Es ist amüsant, wie gerade jene Leute, die uns ständig sagen, wir sollten doch bitte angesichts der gegenwärtigen Ereignisse nicht immer an die dreißiger Jahre des letzten Jahrhunderts denken, das sei doch so lange her und inzwischen lägen die Dinge ganz anders – wie eben diese Leute für ihre Vergleiche bis in die Bronzezeit zurückkehren, um uns die Apokalypse auszumalen, die Europa wegen der Einwanderung drohe. Da werden die alten Azteken herbeizitiert, die Lehren der Völkerwanderung beschworen, ja ältere Herren schlüpfen sogar in die Frauenrolle der Kassandra, um vor den Invasoren im Bauch des Trojanischen Pferdes zu warnen.

Es ist nicht schwer zu verstehen, warum gerade Männer im Spätherbst ihres Lebens panische Angst davor haben, „ausgetauscht“ zu werden. Der liebe Gott schickt die jungen Menschen nun mal wirklich auf die Erde, um die Alten zu ersetzen. Die rasende Wut angesichts von jungen Fremden ist nur ein politisch verbrämter Versuch, mit solchen Ängsten fertig zu werden. Aber Engstirnigkeit ist keine Frage des Alters. So wie es jede Menge alte Menschen gibt, die sich ihre Offenheit bewahrt haben, gibt es auch Gesellen, deren Hirn und Herz schon in der Jugend versteinern.

Da wären zum Beispiel die sogenannten „Identitären“, die an diesem Wochenende nach Dresden pilgern, zumeist Burschenschaftler, die gerne „unsere Frauen“ verteidigen wollen, obwohl sie seit Jahren keine Frau aus der Nähe gesehen haben. Diese Trauergestalten, die Europa als „Lebensraum des weißen Menschen“ verteidigen wollen, unterscheiden sich von ihrem Vorbild allein durch die Feigheit, ihre Gesinnung nicht offen zu bekennen. Der Führer sprach immerhin gleich vom Kampf gegen die „Vernegerung“ Europas.

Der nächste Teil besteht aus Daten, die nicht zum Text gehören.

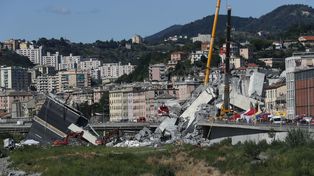 Ya son 41 los muertos por el derrumbe del puente en Génova 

Ich hatte schon mehrmals Einwanderer in meiner Wohnung zu Gast und kann versichern, dass sie meinen Kühlschrank nicht geplündert, meine Frau nicht im Sack entführt und mich auch nicht rausgeworfen haben, um anschließend das Türschloss auszuwechseln. Ich will niemanden schockieren, aber wie ich höre, hat die Wissenschaft Erstaunliches herausgefunden: Alle Europäer stammen aus Afrika! Sogar die Sachsen! Die Höflichkeit gebietet, auch die Verwandten, die ein bisschen später eintreffen, bei uns freundlich zu begrüßen.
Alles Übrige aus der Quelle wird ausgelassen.